Handball: „Emma“ sorgt für Aufträge
Raimo Wilde ist nicht nur Trainer des BHC, sondern auch Inhaber eines Dachdecker-Betriebes.
Wuppertal. Wer sich mit BHC-Trainer Raimo Wilde zum Interview verabredet, sollte etwas mehr Zeit einplanen. Klar wird dies spätestens dann, wenn er seine drei Mobiltelefone auf den Tisch legt. Eines ist das Diensthandy des Bergischen HC, das zweite der Apparat seines Ex-Arbeitgebers TVGroßwallstadt, das dritte Gerät das Firmentelefon seines Dachdeckerbetriebes. Nach ein paar Minuten klingelt es zum ersten Mal. Martin Heuberger ist am anderen Ende, der Assistent von Nationaltrainer Heiner Brand und Coach der Junioren-Nationalmannschaft. Sein Interesse gilt vor allem BHC-Youngster Kristian Nippes. Er hat aber auch registriert, dass sich Henning Quade und Christian Hoße beim BHC gut entwickeln. Es ist nicht der letzte Anruf aus der Handballbranche, der an diesem Vormittag für eine Gesprächsunterbrechung sorgt. Nur das Dachdecker-Handy bleibt stumm. Gewissermaßen die Ruhe nach dem Sturm. Denn am Wochenende lief das Gerät fast heiß. "50 Aufträge sind in zwei Tagen eingegangen.
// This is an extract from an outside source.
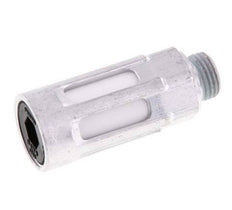 Festo U G1/8'' Die-Cast Aluminum Pneumatic Muffler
Dank Orkan Emma", schmunzelt Wilde. Da musste der Chef am Sonntag sogar selbst aufs Dach klettern. "Wir hatten zwei Trupps gebildet. Der eine musste am Samstag arbeiten, als wir mit dem BHC in Gensungen gespielt haben, ich war dann am Sonntag dran", berichtet der 43-Jährige, der 1995 den Betrieb in seiner Wahlheimat Volkach (10.000-Einwohner-Ort bei Würzburg) gründete. "Ich bin immer gerne Dachdecker gewesen und habe zehn Jahre intensiv in dem Job gearbeitet. Aber ich bin froh, dass es nicht mehr mein Hauptverdienst ist", sagt Wilde, der vor zwei Jahren die Größe seines Unternehmens zurückgefahren hat. 14 Mitarbeiter hatte er zu Spitzenzeiten beschäftigt, inzwischen sind es nur noch drei, die in den kommenden Wochen damit beschäftigt sein werden, die "Emma-Aufträge" abzuarbeiten. Die Zukunft für Dachdecker sei keineswegs rosig, meint Wilde. Inzwischen mache selbst die Feuerwehr ihm Konkurrenz. Den Betrieb leitet er aus dem Bergischen per Internet und Telefon. Ein Dauerzustand sei das aber nicht. "Vielleicht setze ich einen Geschäftsführer ein", meint der Dachdeckermeister, der momentan einen Tag pro Woche selbst vor Ort ist. Immer abhängig vom Spielplan. Er sei beruflich immer zweigleisig gefahren, erzählt Wilde, aber nachdem er jetzt Cheftrainer ist, könne er sich intensiv seiner Leidenschaft widmen. Und die heißt ganz klar Handball.